Qatar Deserves Fair and Balanced News Coverage
Qatar will host the World Cup from November 20 to December 18. From the moment this small Gulf state of 3 million (of which only 15% are Qatari nationals) won its bid in 2010 for the world’s most widely viewed sporting event, it has come in for withering criticism, from everything to bribing its way to victory to abusing guest laborers to persecuting members of the LGBTQ community.
Tamim bin Hamad Al Thani, Qatar’s ruler, gave voice to his country’s frustration when he recently said that Qatar “has been subjected to an unprecedented campaign that no host country has ever faced.” He makes a valid point. Some of the criticisms leveled against Qatar are valid, but a great many others are way out of proportion to the transgressions cited.
Take for example a 2021 headline in The Guardian that read: “Revealed: 6,500 migrant workers have died in Qatar since World Cup awarded”. The figure refers to all deaths of migrant workers regardless of cause, yet the clear implication is that they were connected to the World Cup. In fact, according to the International Labour Organization, the casualty figures from World Cup-related activities stand at 50 killed and 500 injured, which is relatively small considering that six stadiums were built from scratch. Furthermore, the casualty rates in Qatar are in line with wider demographics globally.
In today’s hyper-connected, headline-obsessed information ecosystem, however, The Guardian piece acquired a truth of its own. It became the most retweeted article about the Qatar World Cup in English. Denmark’s players will be wearing black jerseys to protest “a tournament that has cost thousands of people their lives,” a claim that is utterly without merit. Also wildly exaggerated are charges of worker abuse and labor conditions in Qatar.
Nasser Al Khater, Qatar’s official in charge of the World Cup, credibly argues that over the past ten years, no country has done more to improve labor standards. It embedded ILO officials into its government institutions. It legislated a guaranteed minimum wage, established health and safety regulations for workers, abolished the labor sponsorship system, and introduced a law allowing foreign worker mobility between employers. In the words of one ILO expert, “Qatar has moved from having the most restrictive migrant labor regime in the region to the least restrictive one.”
While labor abuse undoubtedly continues to exist, as it does everywhere, laying responsibility on the government of Qatar for these abuses misplaces the blame. Its inspection and enforcement bodies are working overtime to document and sanction the foreign contractors who are violating the law, many of which come from the very same countries that so sanctimoniously decry the abuse.
Coverage of the LGBTQ issue is similarly slanted.
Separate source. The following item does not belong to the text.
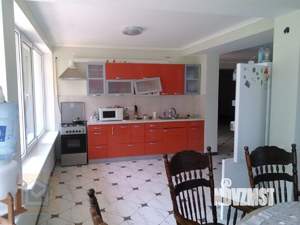 Дом 440м², 3-этажный, участок 5 сот.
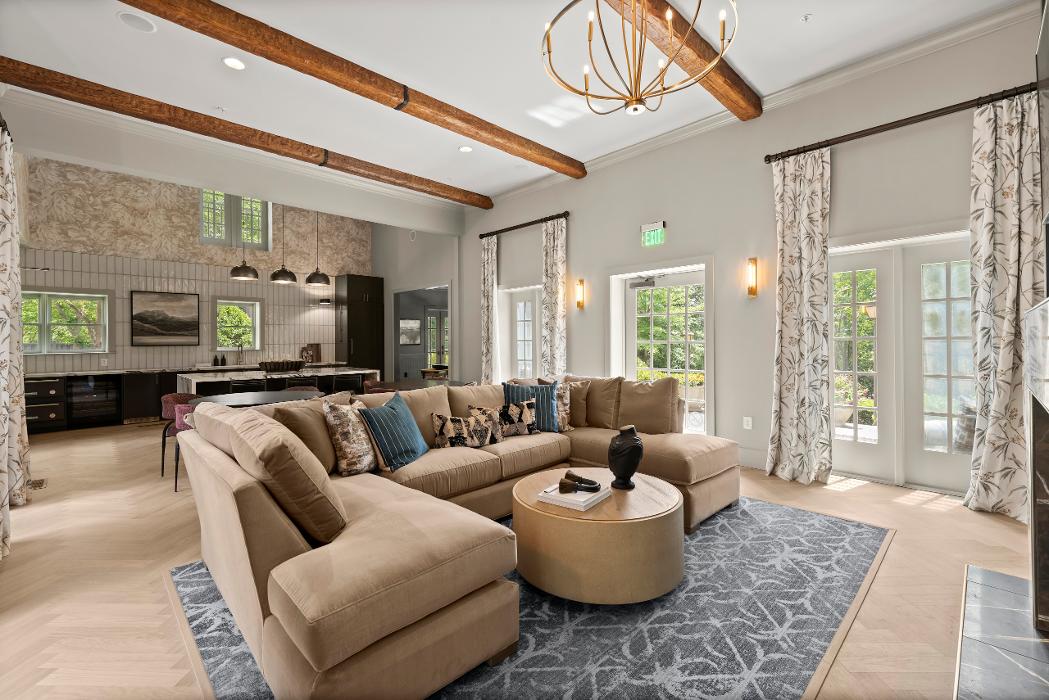 Cortland Peachtree Battle Image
Openly gay expatriates have been living and working in Qatar for years, without hassle or persecution. Public flaunting of sexuality — gay or straight — is not a social norm in any of the conservative societies of the Gulf, and Qatar is no exception. Nevertheless, Qatari officials have made it clear that “any fan, of any gender, sexual orientation, religion, race…they’ll all be welcome.” Contrast this level of tolerance with the record of Russia, which hosted the 2018 World Cup. Crimes against LGBT people in Russia had doubled in the five years preceding the tournament, and gay fans were told that they would be “hunted down and stabbed.”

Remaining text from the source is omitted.